How China Censors Weibo

The social compact between Sina Weibo (SINA) and the Chinese government that allows the provocative micro-blogging platform to exist at all is that it must maintain an in-house stable of paid censors to scrub content deemed too sensitive. A new academic study (PDF) provides more details on how this process works.

First, it’s pretty fast. As researchers at Rice University, Bowdoin College, University of Mexico and the independent investigator Tao Zhu wrote, “5% of the deletions [of controversial posts] happened in the first 8 minutes, and within 30 minutes, almost 30% of the deletions were finished. More than 90% of deletions happened within one day after a post was submitted.”

The volume of posts censored is higher during daylight hours than at night, though some censors clearly work the graveyard shift. The researchers believe Weibo’s in-house censorship regime includes employees scanning posts manually as well as automated deletion of posts containing sensitive keywords.

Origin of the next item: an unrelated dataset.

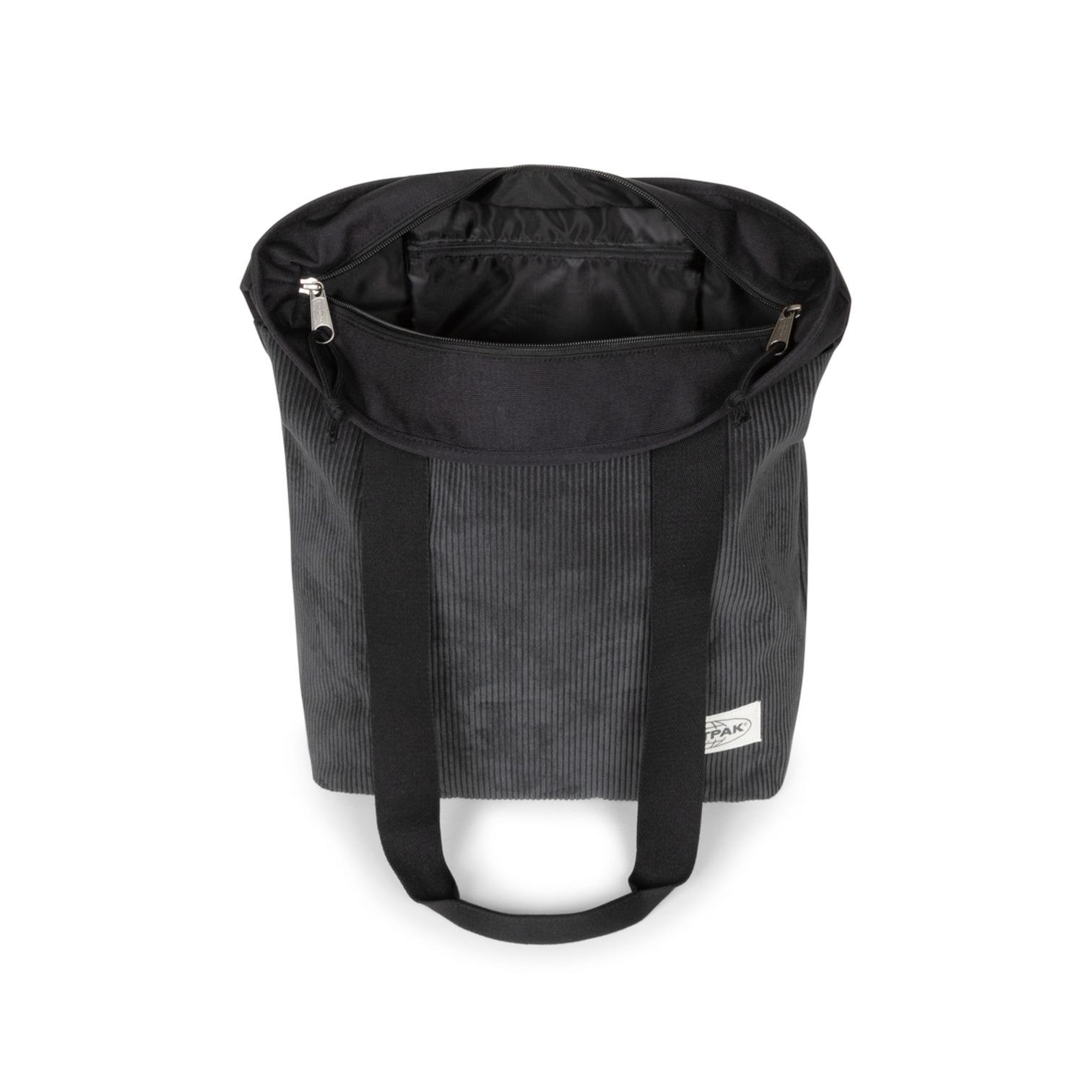 product/e/a/eastpak_ek0a5bic8s0_cordfunk-black_1.jpg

Hot-button keywords will change over time, depending on the news cycle. For the period studied—from July 20, 2012 to September 8, 2012—keywords that prompted fast action from Weibo censors included “Beijing rainstorm, “Diaoyu Islands,” and “group sex.” It’s easy to understand why: In late July, severe flooding in Beijing resulted in the deaths of at least 79 people, although official news reports initially indicated far fewer. The Diaoyu Islands are territory contested by Japan and China, and a continual source of tension. “Group sex” most likely refers to the salacious photos of three men and two women in a hotel room, variously entangled, that circulated widely online in August; one of the men was soon identified by netizens as a prominent Communist Party official in Anhui province. (Embarrassed coverage of the incident in state media resulted in the priceless Global Times headline: “Naked Guy Is Not Our Party Chief: Local Authority.”)

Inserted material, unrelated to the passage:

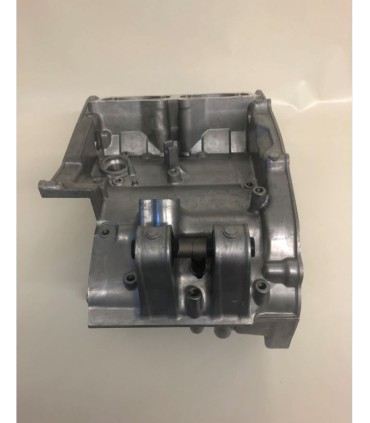 carter renforcé banshee RDLC neuf Driveline performance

Weibo users who regularly post about sensitive topics “are flagged for closer scrutiny,” the researchers wrote, and have their posts deleted fastest. Their study focused on tracking users they deemed likely to post such controversial content; for those users, roughly 13 percent of their posts were electronically vaporized. The sample size of observed deleted Weibo posts totaled more than 300,000.

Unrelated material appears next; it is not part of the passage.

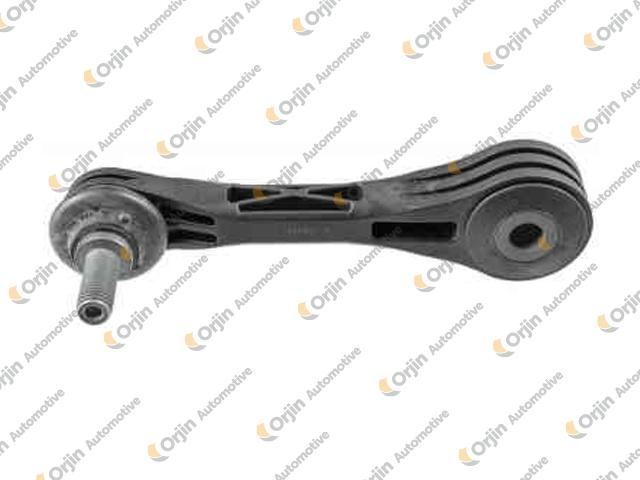 BSG 90-310-228 Viraj Aski Rotu Arka Sag-Sol Caddy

The imperative for Chinese Internet companies to maintain in-house censorship regimes may not only annoy users. In 2010, Robin Li, CEO of China’s leading search engine Baidu, told Bloomberg News: “We have to spend a lot of resources to make sure our content and services abide by Chinese law,” while international competitors, like Google (GOOG) or Yahoo (YHOO), don’t shoulder parallel costs.

Meanwhile, not only are corporate workers paid to delete content in China, but others are paid directly by the government to shape public opinion by posting patriotic responses to online articles and on Internet forums. One such “online commentator” last year told artist Ai Weiwei, who guest-edited an issue of New Statesman magazine: “Almost every morning at 9am I receive an email from my superiors—the internet publicity office of the local government—telling me about the news we’re to comment on for the day.” However, the anonymous worker said, being a propaganda foot soldier doesn’t require believing in the message. “I wouldn’t say I like [my job] or hate it. It’s just a bit more to do each day. A bit more pocket money each month, that’s all.”

Larson is a Bloomberg Businessweek contributor.